Strona główna > felietonik > Postkomuna w sądach

Postkomuna w sądach

 

Czy polskie sądy są postkomunistyczne?

Według danych z 2012 roku:

Struktura wieku sędziów jest adekwatna do struktury sądów. W sądach rejonowych najliczniejszą grupę stanowią sędziowie w wieku od 35 do 40 lat. Najliczniej reprezentowaną grupą wiekową w sądach okręgowych są sędziowie w wieku od 40 do 50 lat. Najwięcej sędziów sądów apelacyjnych to osoby w wieku od 50 do 60 roku życia.

Jeśli w 2012 roku sędzia sądu rejonowego miał 40 lat, to oznacza, to, że w roku 1989 miał 17 lat i był jeszcze w liceum. Jeśli w 2012 roku sędzia sądu okręgowego miał 50 lat, to znaczy, że w 1989 roku miał 27 lat i był tuż po studiach, a więc jeszcze nie orzekał. Jeśli w 1989 roku sędzia sądu apelacyjnego miał 60 lat, to w 1989 roku miał 37 lat. Oznacza to, że orzekał ledwie kilka ostatnich lat w PRL, jedynie w pierwszej instancji i oczywiście o żadnych latach 50tych, 60tych nie może być mowy. Co do zasady, tacy sędziowie pewnie nie orzekali też masowo w procesach politycznych, bo do takich procesów partia miała „własnych sprawdzonych wyjadaczy”.  Przy czym wedle danych z 2012 roku na blisko 10 000 wszystkich sędziów, sędziów sądu apelacyjnego było około 700, czyli zaledwie 15%. A mówimy o roku 2012, to jest 5 lat temu. Dziś część z tych sędziów przechodzi na emeryturę.

Jeśli więc sądy w jakimś stopniu Was krzywdzą, to, rozumiem i współczuję, ale to nie sędziowie orzekający w PRL. Przecież krzywdę zrobiono Wam głównie w pierwszej instancji, prawda? Przypomnij sobie twarz tego sędziego, serio wyglądał tak sędziwie jak Kaczyński, Miller, Strzembosz?

A co z Sądem Najwyższym i byciem TW, może nie kapowali?

Osiem osób wymienionych w ujawnionym katalogu IPN zostało zarejestrowanych przez tajne służby PRL jako współpracownicy. To czterech sędziów NSA, dwóch – Trybunału Konstytucyjnego i po jednym – Sądu Najwyższego i Trybunału Stanu (http://www.tvn24.pl)

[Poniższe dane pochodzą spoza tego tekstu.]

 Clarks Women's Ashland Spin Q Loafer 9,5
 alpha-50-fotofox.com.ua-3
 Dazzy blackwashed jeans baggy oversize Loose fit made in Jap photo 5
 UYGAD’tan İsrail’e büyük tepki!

Oznacza to, że na blisko 80 sędziów Sądu Najwyższego zaledwie 4 było TW. Jak wyglądała owa współpraca?

Sędzia Edward Matwijów był zarejestrowany we wrześniu 1976 r. przez SB w Gdańsku pod kryptonimem „Marynarz” w kategorii lokal kontaktowy, czyli jako osoba wynajmująca swój lokal na potrzeby służb. Wyeliminowany z ewidencji operacyjnej z powodu „braku dalszych możliwości operacyjnych” – w 1977 r. materiały złożono w archiwum, lecz nie zostały odnalezione.

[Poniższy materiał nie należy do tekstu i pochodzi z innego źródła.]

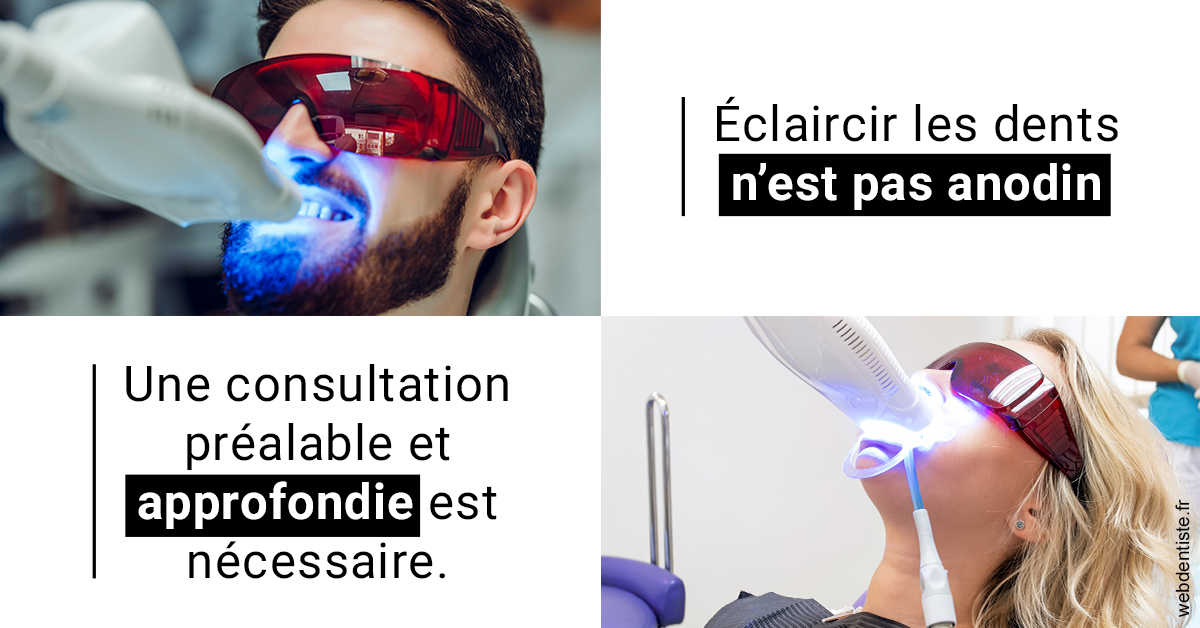 https://dr-chevrier-xavier.chirurgiens-dentistes.fr/Le blanchiment 1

Prezes Izby Cywilnej SN Tadeusz Ereciński był w 1972 r. „opracowywany w charakterze kandydata na tajnego współpracownika” i jako taki zarejestrowany przez SB.

Prezes Izby Wojskowej SN Janusz Godyń przyznał się w 2003 r. do służby w organach bezpieczeństwa PRL jako oficer śledczy Zwiadu Wojsk Ochrony Pogranicza w 1972 r.

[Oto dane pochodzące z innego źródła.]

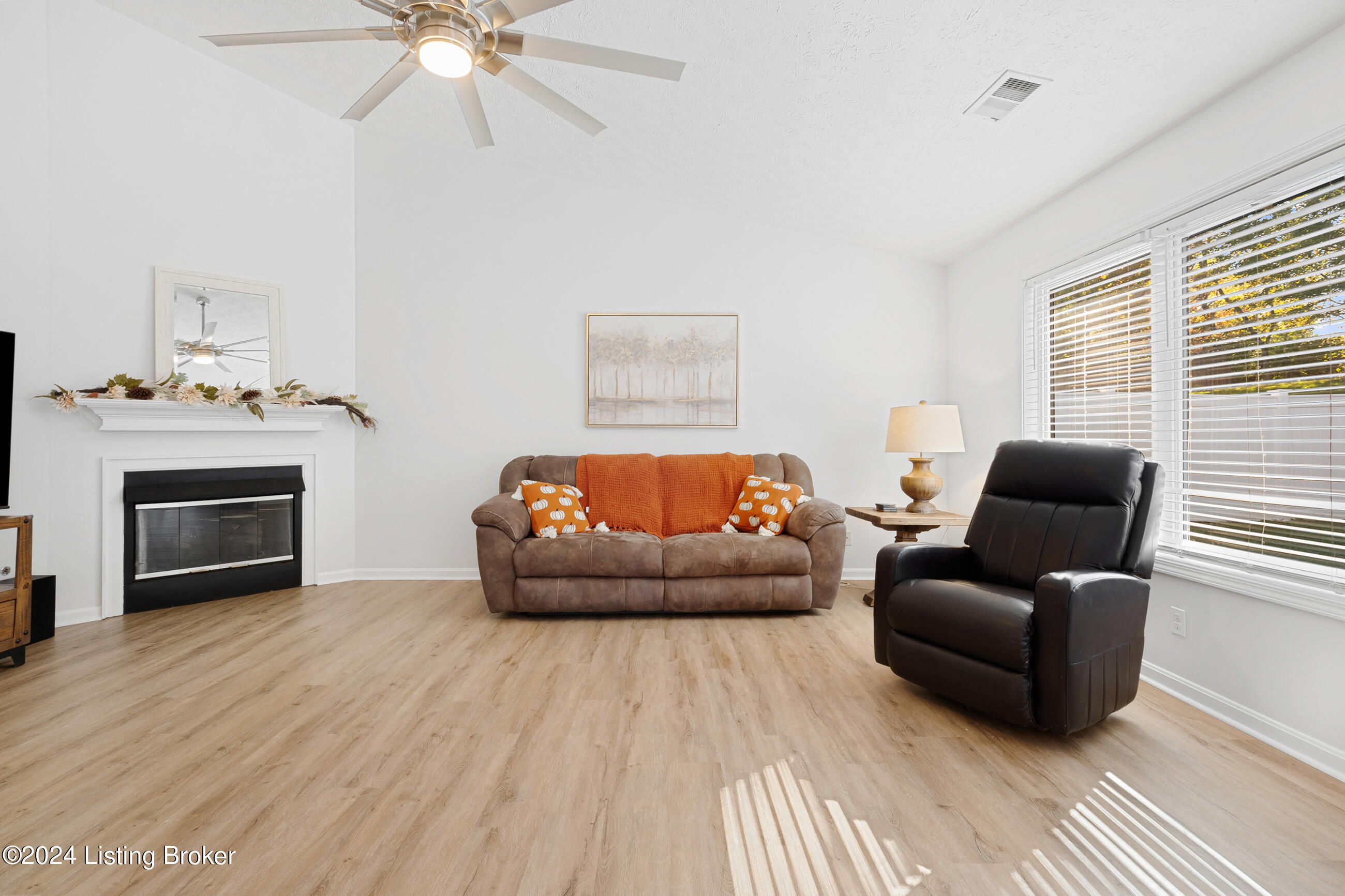 7228 Quindero Run Rd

Sędzia Wiesław Błuś był w 1979 r. zarejestrowany przez wywiad cywilny jako kandydat na kontakt operacyjny. Według akt odmówił wszelkich kontaktów z MSW. (http://www.tvn24.pl)

Podsumowując: zaledwie 1 (słownie: jeden) sędzia na 80 kapował

Może i nastąpiła wymiana pokoleniowa, ale są tam resortowe dzieci tych PRLowskich sędziów

Niewątpliwie, tradycja pójścia w ślady kariery rodziców jest naturalnym nie tylko w zawodach prawniczych, ale i lekarskich i budowlanych. Środowisko prawnicze pełne jest dzieci rodziców prawników, przy czym większość przypadków stanowią jednak wolne zawody, bo w spadku przekazać można kancelarie. Miejsca w sądzie przekazać nie można. Ale jeśli nawet, część osób wybrała karierę sędziowską po rodzicach, to czy jesteś pewien, że osoby te dziedziczą także ich zbrodnie i świństwa? Nie, nie pytam czy osoby te miały łatwiej. Bo oczywiście, że, co do zasady, miały. Pytam, czy Twoim zdaniem, dzieci i wnuki dziedziczą winy rodziców?

Bo jeśli tak, to tylko przypomnę:

Ojciec Bronisława Wildsteina był Żydem, przedwojennym komunistą, powojennym działaczem PZPR, komendantem szpitali wojskowych w stalinowskiej „Polsce”. Zmarł na raka, po wysłaniu go w ramach antysemickiej nagonki na przymusową emeryturę w 1967 roku. Matka była polską chłopką, wielką filosemitką, działaczką PZPR przez cały okres stalinizmu. Odeszła z partii komunistycznej w 1956 roku na fali destalinizacji.

Janek Bodakowski recenzuje  Niepokornego – wywiad z B. Wildsteinem. Info o ojcututaj, o matce tutaj.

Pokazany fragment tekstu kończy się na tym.